# Sarcasm Detection      (Total marks: 40)

### Load Data

In [None]:
import numpy as np
import pandas as pd
import json
import matplotlib.pyplot as plt
import tensorflow as tf
from tensorflow.keras.preprocessing.text import Tokenizer
from tensorflow.keras.preprocessing.sequence import pad_sequences
from tensorflow.keras.models import Sequential
from tensorflow.keras.layers import Embedding, Bidirectional, LSTM, Dense, Dropout, Flatten
from sklearn.model_selection import train_test_split

# Read the JSON file
with open('Sarcasm_Headlines_Dataset.json', 'r') as f:
    data = [json.loads(line) for line in f]

# Convert to DataFrame
df = pd.DataFrame(data)

# Display the first few rows
print(f"Dataset shape: {df.shape}")
df.head()

### Drop `article_link` from dataset

In [None]:
# Drop the article_link column
df = df.drop('article_link', axis=1)
df.head()

### Get length of each headline and add a column for that

In [None]:
# Calculate the length of each headline
df['headline_length'] = df['headline'].apply(lambda x: len(x.split()))
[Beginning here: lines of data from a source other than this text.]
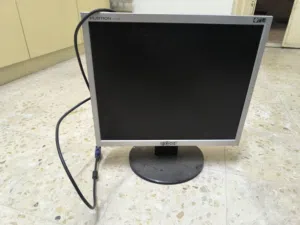 شاشة LG Flatron قياس 19 بوصة - مثالية للألعاب القديمة والأعمال  / 19LG Flatron Monitor - Iالمكتبية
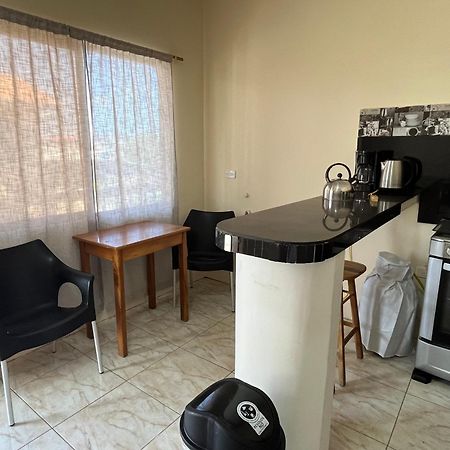 Apartahotel Casa Soleil Puerto Villamil Habitación foto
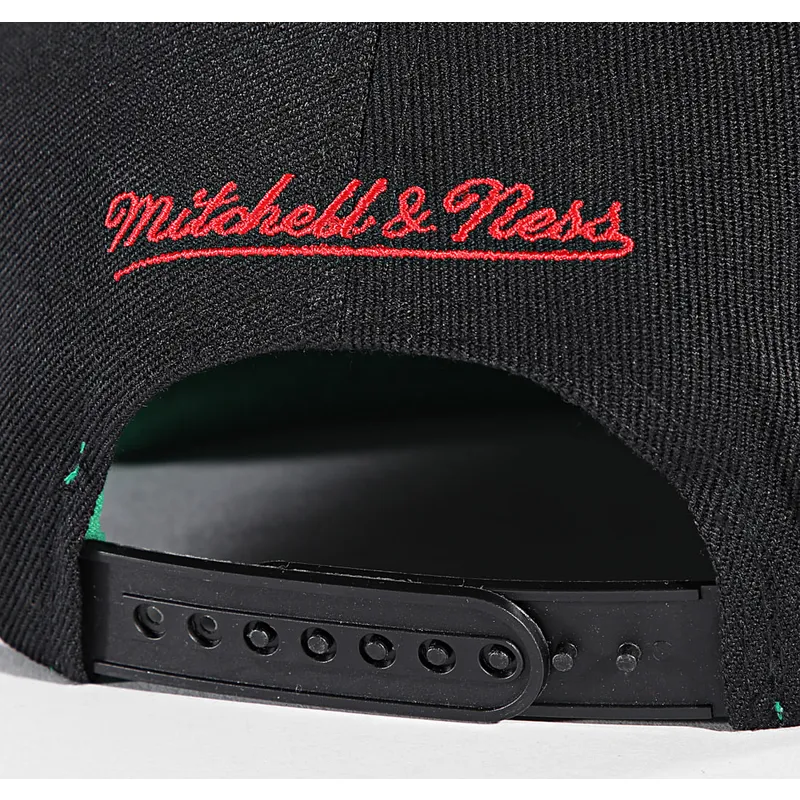 petten-plat-zwart-snapback-triple-play-van-chicago-bulls-nba-van-mitchell-ness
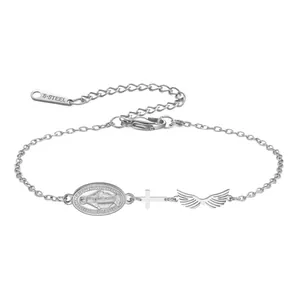 Vue détaillée du bracelet en acier inoxydable avec médaille de Marie, croix et ailes argent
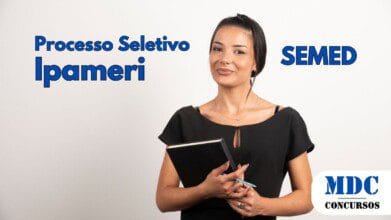 Mulher jovem de pele morena, vestindo um vestido preto elegante, segura um caderno preto e uma caneta azul enquanto sorri suavemente. Seu cabelo está preso em um coque alto, e ela usa um colar delicado e anéis. O fundo é branco e minimalista, destacando sua expressão confiante e postura profissional - Ipameri (GO) abre 25 vagas com salários de até R$ 4.924 na Educação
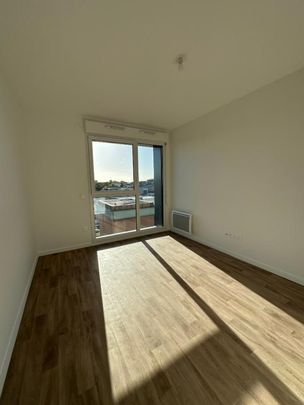 Location Appartement 1 pièce 20m² MERIGNAC 33700 - Photo 1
# Display statistics of headline length
print("Headline length statistics:")
print(df['headline_length'].describe())

# Visualize the distribution of headline lengths
plt.figure(figsize=(10, 6))
plt.hist(df['headline_length'], bins=30)
plt.title('Distribution of Headline Lengths')
plt.xlabel('Number of Words')
plt.ylabel('Frequency')
plt.show()

### Initialize parameter values
- Set values for max_features, maxlen, & embedding_size
- max_features: Number of words to take from tokenizer(most frequent words)
- maxlen: Maximum length of each sentence to be limited to 25
- embedding_size: size of embedding vector

In [None]:
max_features = 10000
maxlen = 25
embedding_size = 50  # Using 50d GloVe embeddings

### Apply `tensorflow.keras` Tokenizer and get indices for words
- Initialize Tokenizer object with number of words as 10000
- Fit the tokenizer object on headline column
- Convert the text to sequence


In [None]:
# Initialize the tokenizer
tokenizer = Tokenizer(num_words=max_features)

# Fit the tokenizer on the headlines
tokenizer.fit_on_texts(df['headline'])

# Convert headlines to sequences
sequences = tokenizer.texts_to_sequences(df['headline'])

# Display a sample headline and its sequence
sample_idx = 0
print(f"Original headline: {df['headline'][sample_idx]}")
print(f"Tokenized sequence: {sequences[sample_idx]}")

### Pad sequence
- Pad each example with a maximum length
- Convert target column into numpy array

In [None]:
# Pad the sequences
X = pad_sequences(sequences, maxlen=maxlen)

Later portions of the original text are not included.